*** Opening MATERIAL FOR THIS EXERCISE ***

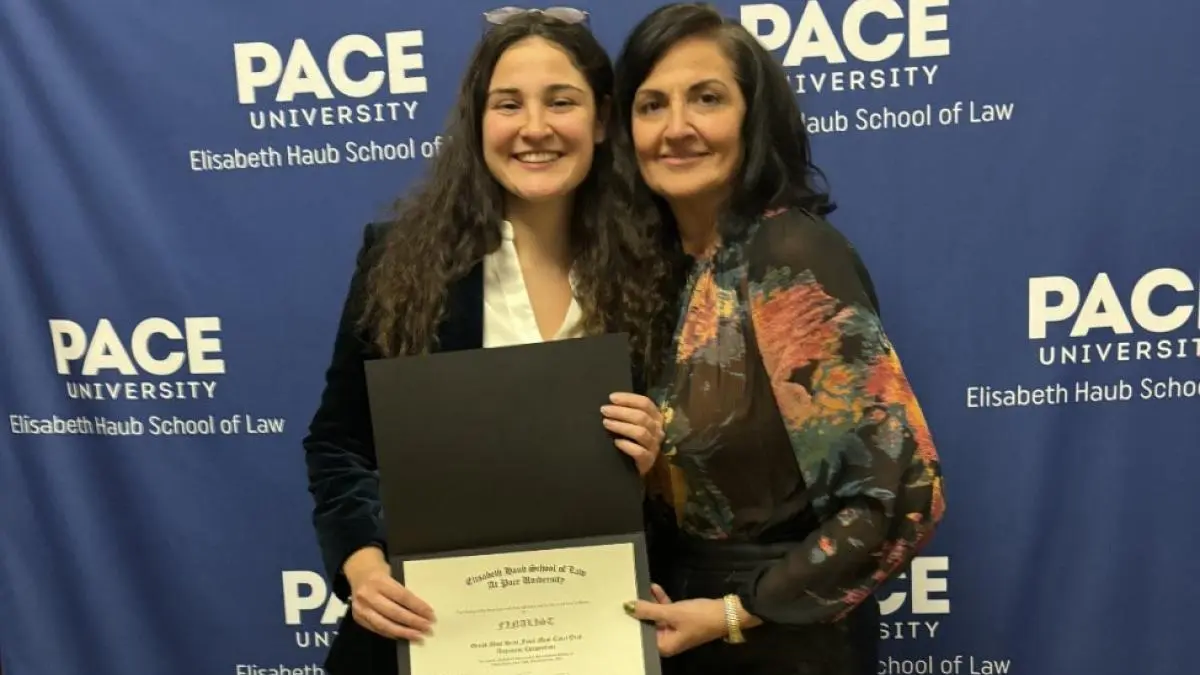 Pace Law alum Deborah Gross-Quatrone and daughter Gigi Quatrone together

*** Closing MATERIAL FOR THIS EXERCISE ***
*** Opening MATERIAL FOR THIS EXERCISE ***

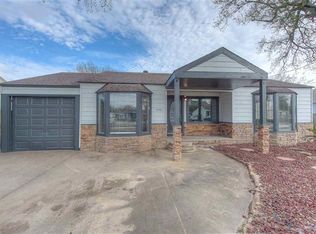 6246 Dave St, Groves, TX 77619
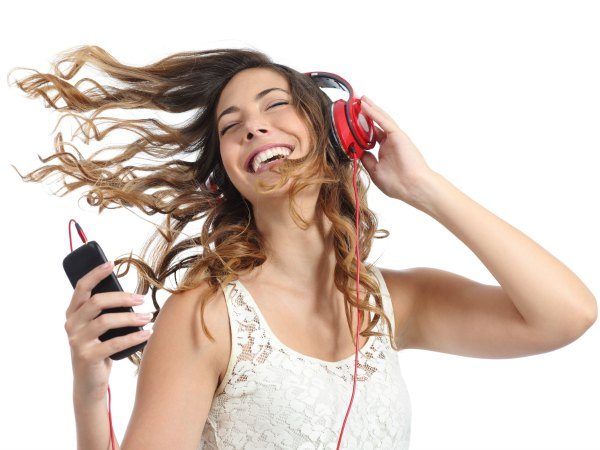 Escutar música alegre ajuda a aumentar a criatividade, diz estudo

*** Closing MATERIAL FOR THIS EXERCISE ***
*** Opening MATERIAL FOR THIS EXERCISE ***

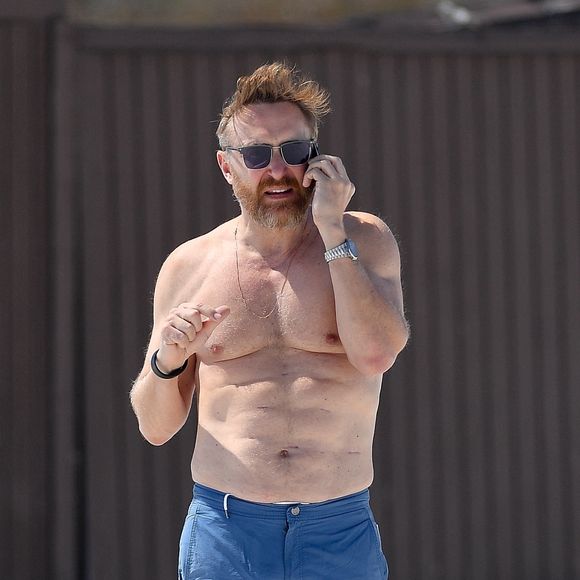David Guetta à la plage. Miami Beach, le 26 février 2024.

*** Closing MATERIAL FOR THIS EXERCISE ***

TASK INSTRUCTIONS: Out of the records above, set down only the lines from the one that contains "6246 Dave St, Groves, TX 77619" through the one that contains "Escutar música alegre", unchanged and without the pictures.

YOUR SOLUTION:
 6246 Dave St, Groves, TX 77619
 Escutar música alegre ajuda a aumentar a criatividade, diz estudo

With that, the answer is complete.